The STEMi Truck is a five-year project that was piloted in May 2021 with a few school districts and since then has been expanded to include all school districts. She said they have been able to learn more about which stations work and which ones didn’t through student and teacher feedback. This year they added the construction and medical simulation stations.

“We try to pull inspiration from the students. What are they already interested in and how might it connect to something on the STEMi?” said Marchelletta. “We do have five industries that we have tried to represent on the STEMi. We have the construction industry; the health industry; the transportation, mobility, logistics and energy is one industry; advanced manufacturing; and then (information technology).”

Since the program started, Marchelletta said, they have found that the perfect ages to introduce students to STEM careers are between grades four and eight, when students have not yet made decisions about what they want to do with their lives. She said that by the time students have completed eighth grade, they have usually made some decisions about what they want to do.
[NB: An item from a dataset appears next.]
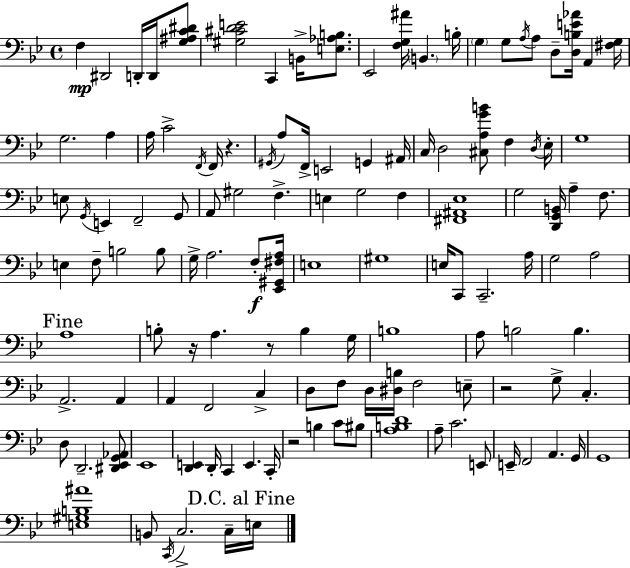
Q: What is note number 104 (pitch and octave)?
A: C3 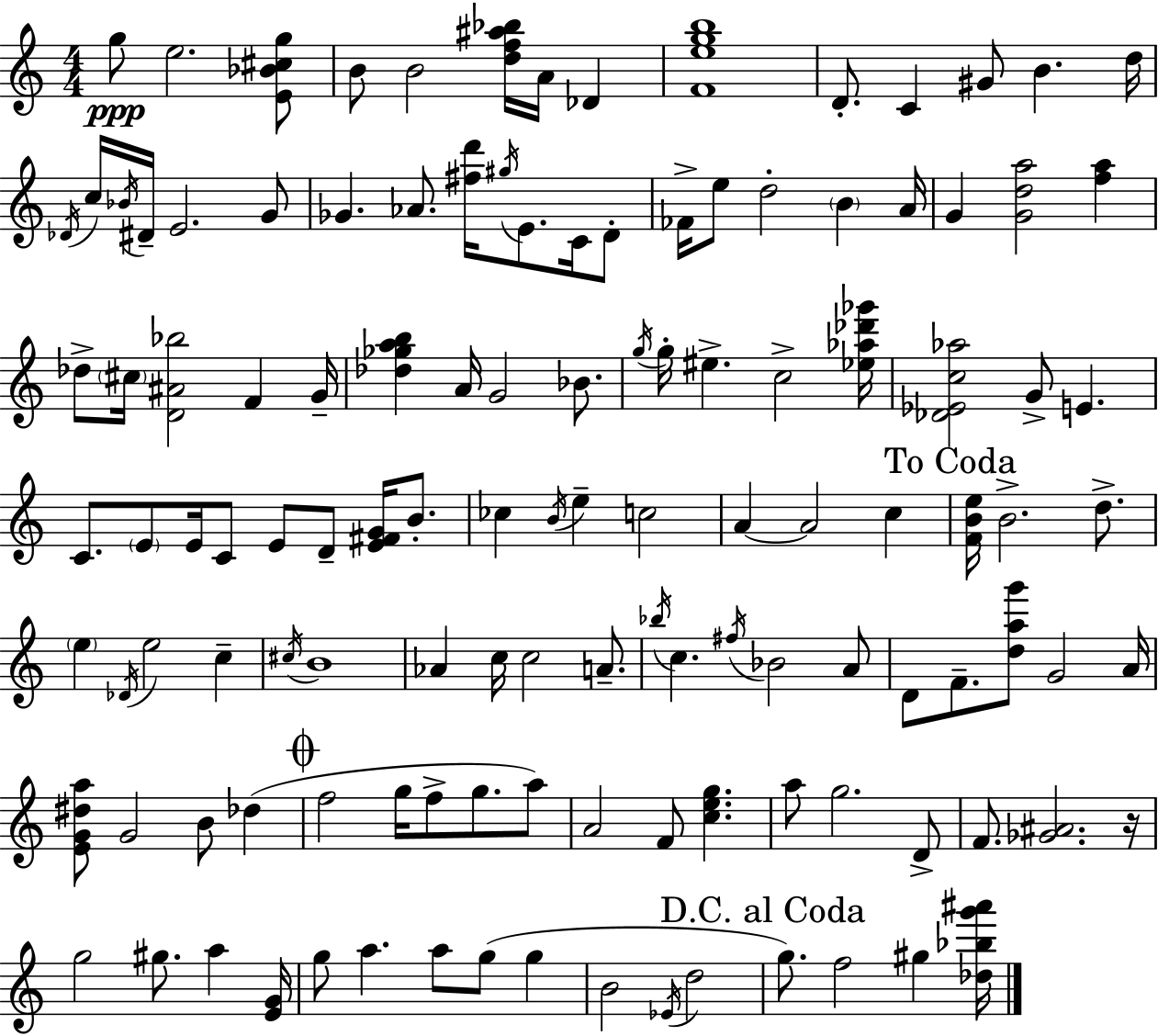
G5/e E5/h. [E4,Bb4,C#5,G5]/e B4/e B4/h [D5,F5,A#5,Bb5]/s A4/s Db4/q [F4,E5,G5,B5]/w D4/e. C4/q G#4/e B4/q. D5/s Db4/s C5/s Bb4/s D#4/s E4/h. G4/e Gb4/q. Ab4/e. [F#5,D6]/s G#5/s E4/e. C4/s D4/e FES4/s E5/e D5/h B4/q A4/s G4/q [G4,D5,A5]/h [F5,A5]/q Db5/e C#5/s [D4,A#4,Bb5]/h F4/q G4/s [Db5,Gb5,A5,B5]/q A4/s G4/h Bb4/e. G5/s G5/s EIS5/q. C5/h [Eb5,Ab5,Db6,Gb6]/s [Db4,Eb4,C5,Ab5]/h G4/e E4/q. C4/e. E4/e E4/s C4/e E4/e D4/e [E4,F#4,G4]/s B4/e. CES5/q B4/s E5/q C5/h A4/q A4/h C5/q [F4,B4,E5]/s B4/h. D5/e. E5/q Db4/s E5/h C5/q C#5/s B4/w Ab4/q C5/s C5/h A4/e. Bb5/s C5/q. F#5/s Bb4/h A4/e D4/e F4/e. [D5,A5,G6]/e G4/h A4/s [E4,G4,D#5,A5]/e G4/h B4/e Db5/q F5/h G5/s F5/e G5/e. A5/e A4/h F4/e [C5,E5,G5]/q. A5/e G5/h. D4/e F4/e. [Gb4,A#4]/h. R/s G5/h G#5/e. A5/q [E4,G4]/s G5/e A5/q. A5/e G5/e G5/q B4/h Eb4/s D5/h G5/e. F5/h G#5/q [Db5,Bb5,G6,A#6]/s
Novi Meadows students reacted to the STEMi Truck’s visit.

“It showed how much technology has evolved in the last few years, and maybe when I’m older I’ll want to go into that — maybe like a software engineer,” said 10-year-old Shiv Ramamurthy.

Mia Kiuchi, 10, said she learned that you can be very creative and there are a lot of options with STEM.

“I also learned that for every job, even jobs that you think you don’t use science for, you can always use science,” Kiuchi said.

The event also provides an opportunity to introduce the younger students to students who attend the Oakland Schools Technical Campuses. The older students are able to educate the younger ones on the opportunities offered to high school students during their junior and senior years at the four tech campuses across the county. The programs include culinary arts, mechatronics, health and other programs that provide various types of certifications.

“I thought it was going to be not, like, this cool. I thought there was going to be just, like, some stuff or creations that you can, like, color on actual paper or something, but it was actually things you could color on, like a computer, and then it was like 3D, so it was really cool,” said Jolena Zhou, 10. “I learned that there’s more to STEM than just, like, math and science. There’s, like, a lot more cool stuff.”

Marchelletta said Oakland Schools has seen a “huge” increase in the number of items teachers are requesting from the district’s STEM checkout library since the STEMi Truck debuted. The library includes different types of robots, green screens, drones and other equipment that can be connected to their classrooms.

“We believe that that momentum within the library comes from the visiting of the STEMi,” Marchelletta said. “Teachers want to figure out how to incorporate it more into their classroom.”

“I was looking forward to stem activities that are more like science, but then when I went on there, there was, like, way more stuff that I didn’t even think there would be on there,” said Caden Steslicki, 11. “I didn’t know they were going to have virtual light things that you could color on. I didn’t think they were going to have that or, like, the 3D glasses, and then you get to make shapes and all that stuff. I liked that there was a lot of options and not just one or two.”

“It looked like it was the future,” Kiuchi said to sum up the STEMi Truck experience.

The STEMi Truck will continue to schools within Oakland County through the end of the school year.